Calculator Inputs
Enter known log-likelihood values, or paste outcome and probability lists. When lists are supplied, the page derives both deviances automatically.
Example Data Table
This example reflects a small binary outcome model. You can load it directly into the calculator.
| Observation | Observed Outcome | Predicted Probability |
|---|---|---|
| 1 | 1 | 0.82 |
| 2 | 0 | 0.28 |
| 3 | 1 | 0.74 |
| 4 | 1 | 0.63 |
| 5 | 0 | 0.35 |
| 6 | 0 | 0.18 |
| 7 | 1 | 0.79 |
| 8 | 0 | 0.41 |
| 9 | 1 | 0.67 |
| 10 | 0 | 0.22 |
Formula Used
Null deviance measures fit for the intercept-only model.
D₀ = -2 × log(L₀)
Residual deviance measures fit for the fitted model.
D₁ = -2 × log(L₁)
Improvement shows how much deviance the fitted model removes.
ΔD = D₀ - D₁
This ratio summarizes relative fit improvement.
R² = 1 - (D₁ / D₀)
These criteria balance model fit and complexity.
AIC = 2k - 2log(L₁)BIC = ln(n)k - 2log(L₁)
For binary outcomes, each observation gets a signed contribution.
rᵢ = sign(yᵢ - pᵢ) × √[2 × {yᵢ ln(yᵢ/pᵢ) + (1-yᵢ) ln((1-yᵢ)/(1-pᵢ))}]
How to Use This Calculator
- Enter total model parameters, including the intercept term.
- Use sample size and both log-likelihood values when software already reports them.
- Alternatively, paste binary outcomes and fitted probabilities to derive deviances automatically.
- Press Calculate Deviance to place results above this form.

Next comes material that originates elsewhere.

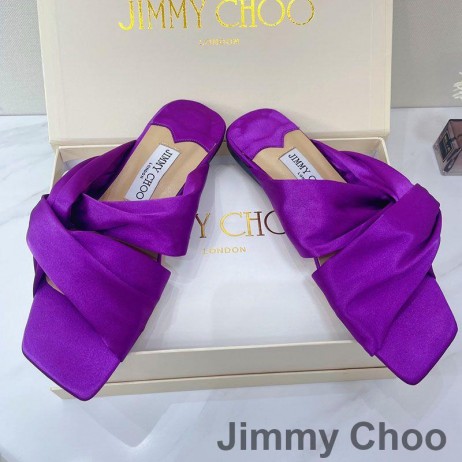 Jimmy Choo Narisa Slaytlar Kadınlar Saten Mor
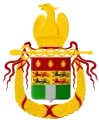 blason incorporant un drapeau vert et blanc ceint par une couronne jaune et des rubans rouges et surmonté par un aigle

- Review null deviance, residual deviance, improvement, pseudo R², AIC, and BIC.
- Inspect the Plotly graph to compare deviance magnitudes quickly.

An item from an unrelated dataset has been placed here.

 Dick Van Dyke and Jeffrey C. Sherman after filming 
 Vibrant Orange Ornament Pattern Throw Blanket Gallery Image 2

- When lists are used, study deviance residuals for unusually poor observations.
- Download a CSV or PDF report for documentation and sharing.
Frequently Asked Questions
1) What does null deviance represent?
Null deviance measures how well an intercept-only model fits the observed outcomes. It acts as the baseline fit. Lower values mean better fit, although it ignores all predictor effects.
2) What does residual deviance represent?
Residual deviance measures fit after predictors are added. It uses the fitted model likelihood. A much smaller residual deviance usually suggests the model explains meaningful structure in the data.
3) Why is a lower deviance better?
Deviance is based on negative two times the log-likelihood. Better fitting models have larger likelihoods. That makes their deviance smaller, which signals reduced unexplained variation.
4) What does the improvement value mean?
Improvement equals null deviance minus residual deviance. It shows how much deviance the fitted model removes. Larger positive values usually indicate stronger explanatory contribution from the predictors.
5) How is the p-value used here?
The calculator uses a chi-square style likelihood ratio test. Degrees of freedom equal added parameters beyond the intercept. A small p-value suggests the fitted model improves baseline fit meaningfully.
6) When should I paste observed outcomes and probabilities?
Paste lists when you want the page to derive log-likelihoods, deviances, and deviance residuals directly. This is useful when software does not already show null and fitted likelihood values.
7) What does a large deviance residual indicate?
A large absolute deviance residual means one observation is poorly explained by the fitted probability. It may reflect an outlier, a missing predictor, or a model form issue.
8) Can I compare different models with this page?
Yes, but compare models fit on the same dataset and response coding. Lower residual deviance, AIC, or BIC can support selection. The likelihood ratio improvement is helpful for nested model comparisons.